▸ Collected data
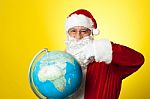 Ages Man In Santa Costume Holding Globe Stock Photo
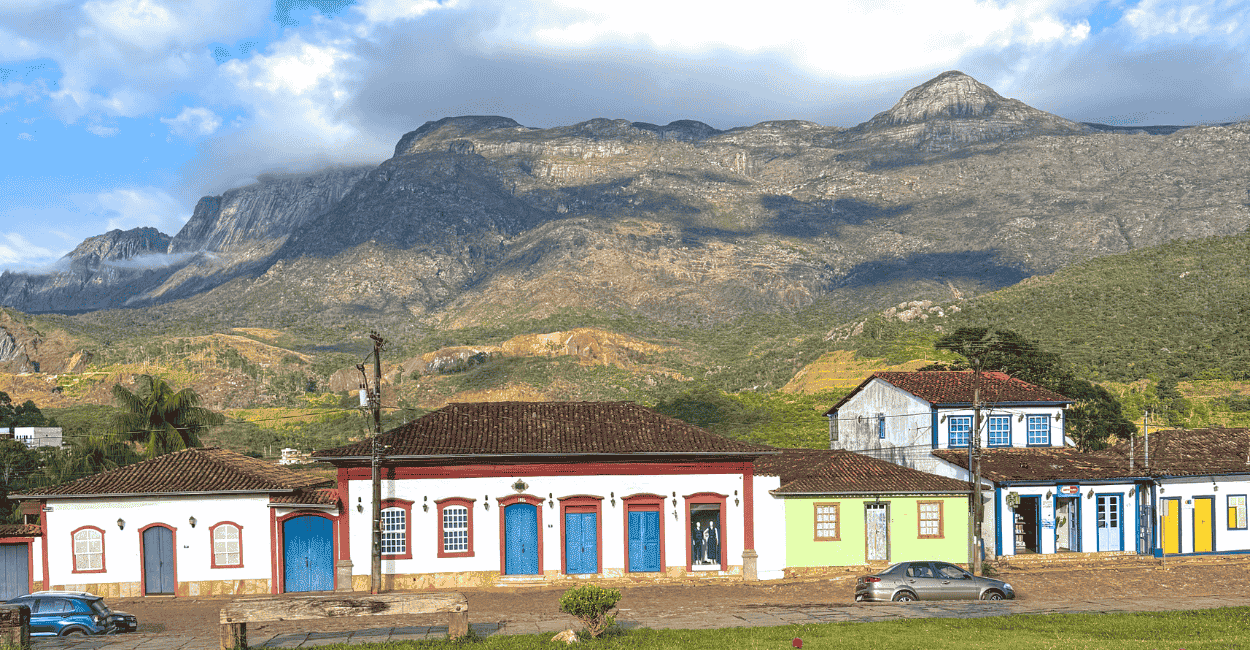 Casas históricas com cores brancas predominantes, com a Serra do Caraça ao fundo, em Catas Altas
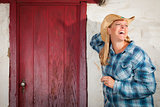 Beautiful Cowgirl Against Old Wall and Red Door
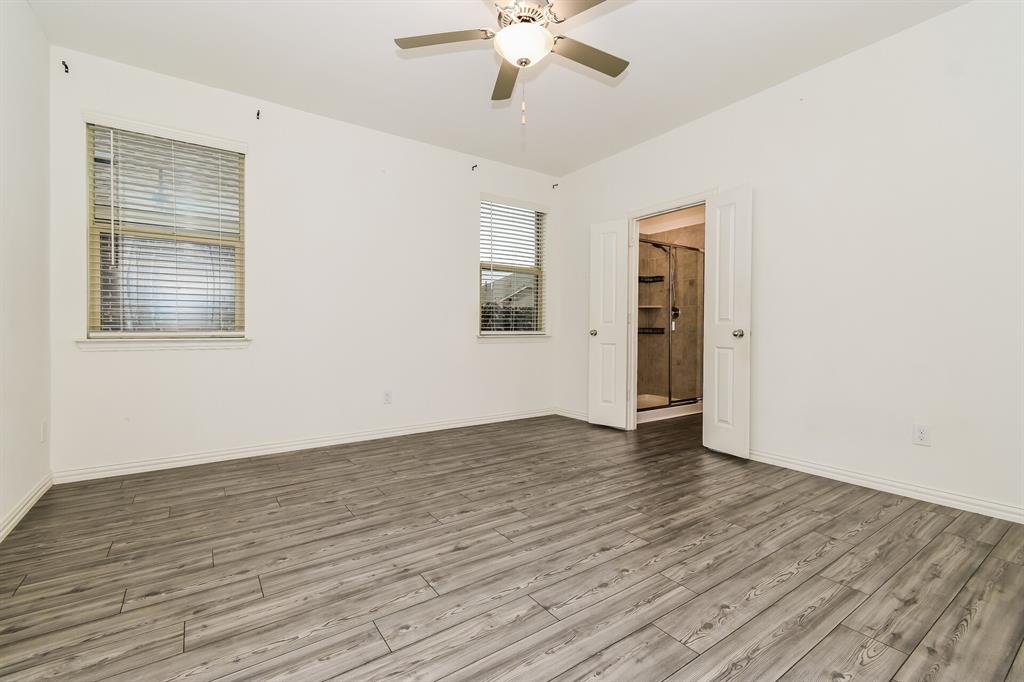 1208 Mesquite Lane Princeton, TX 75407 - Photo 7 of 17 a view of an empty room with wooden floor and a window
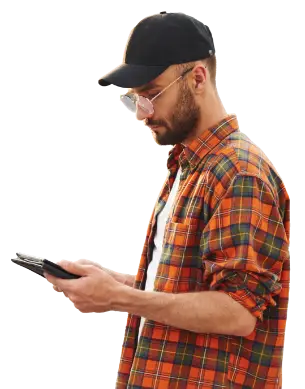 A man dressed in a plaid shirt and hat gazes at his phone, focused on the screen in front of him.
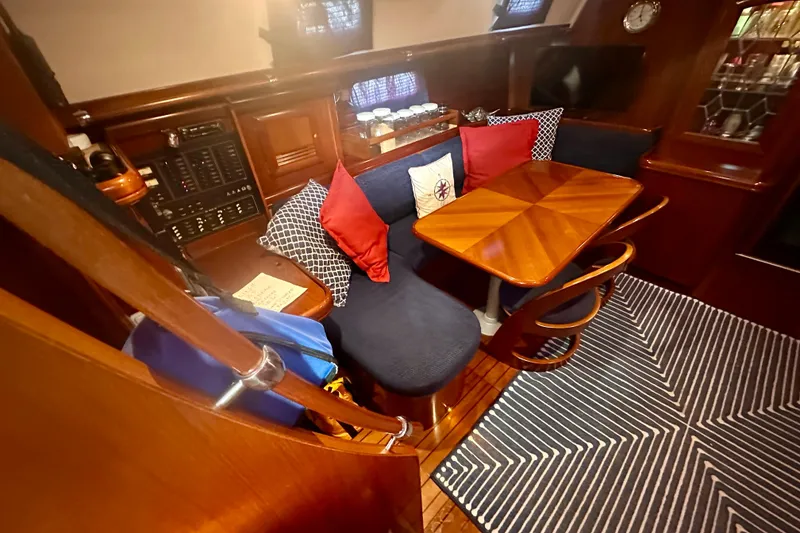 Slide: The Image of Luxurious interior of a 2004 Beneteau 50 yacht with cozy seating and elegant wood finishes. - 7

▸ EXERCISE GOAL
The data above should be returned in full, exactly as written, apart from its images.

▸ EXPECTED OUTPUT
 Ages Man In Santa Costume Holding Globe Stock Photo
 Casas históricas com cores brancas predominantes, com a Serra do Caraça ao fundo, em Catas Altas
 Beautiful Cowgirl Against Old Wall and Red Door
 1208 Mesquite Lane Princeton, TX 75407 - Photo 7 of 17 a view of an empty room with wooden floor and a window
 A man dressed in a plaid shirt and hat gazes at his phone, focused on the screen in front of him.
 Slide: The Image of Luxurious interior of a 2004 Beneteau 50 yacht with cozy seating and elegant wood finishes. - 7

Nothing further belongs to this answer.